As far back as 1714, only 7 years into the union, Scots peers at Westminster unanimously voted to leave the union, only they failed because England who have a far greater representation in parliament refused to let us go. Ever since, at various points, Scots have sought to either get home rule or Independence, each time failing.
The people of Scotland never have had a vote in the matter until now.
Back in 1707 they common people rioted in the streets against it, to no avail.
If anything, this has been a very unequal marriage from the beginning, and indeed could be described as a forced marriage which for many a generation we helped make work as best we could.
It certainly was no marriage based on love, but rather an arranged marriage for political and economic reasons.
The time has now come to separate, divorce, or whatever you want to call it,go our own ways, but that is in no sense a failure or wrong, It is merely recognizing that this union no longer works for us or serves our best interests.

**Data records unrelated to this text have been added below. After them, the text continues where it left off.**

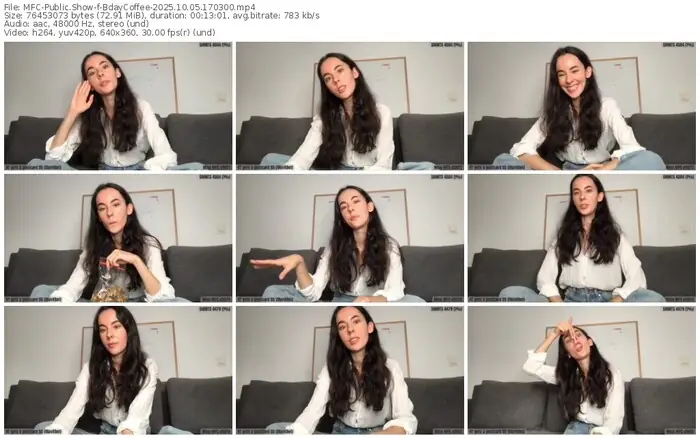 myfreecams-bdaycoffee-10-05-2025-17-03-00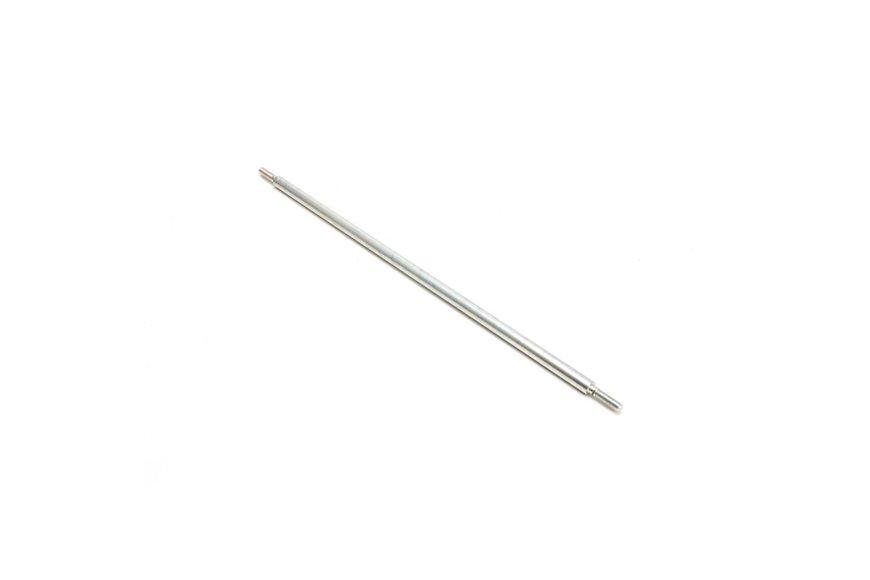 Rod-Control, Traction - Originale Toro - 83-0580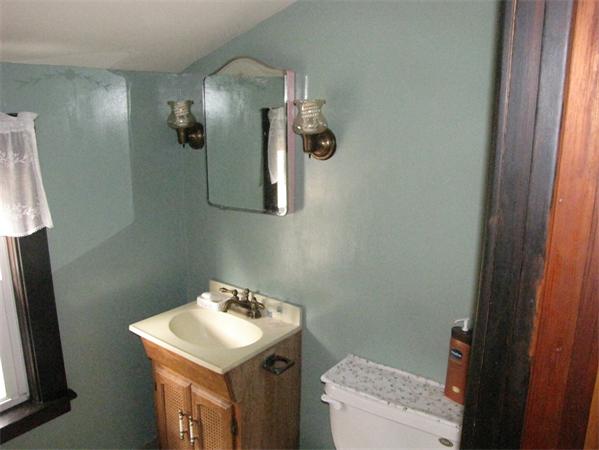 15 Graves Road Greenfield, MA 01301 - Photo 20 of 28 Gallery Image 20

We can still be friends, and we need not be strangers or foreigners to each other.
Instead we can learn to appreciate each other more, and indeed work well together where we recognize we share common interests.
In doing so, if the dissolution of the union is to be properly achieved, there has to be a settlement, and our assets and liabilities properly negotiated.
As in any dissolution of partnership or union, it has to be recognised that neither party owns everything, and the other nothing.
Why for instance should the rUK automatically be seen as the continuing state, where one party retains all, the other nothing. We and England joined the same clubs, why should they retain membership of Europe and us not?
Why do they get to keep all the money, the pound, but us not?
Why must they get to automatically stay in NATO, but we must reapply?
Imagine if this were an actual divorce between two parties, imagine you were actually getting divorced from your marital partner, and they kept the house, the car, the money, and club memberships, and you were to go away with just the clothes you have on your back.
Would you call that fair?
So for a moment, look at all Better Together, Westminster and their media allies are saying, and apply that all to yourself….
Are they right?
You shall have nothing, unless you agree to continue with an unhappy marriage?
If you agree to carry on, they might just, but not for certain, allow you some more housekeeping allowance?
Does that seem a good and fair deal to you?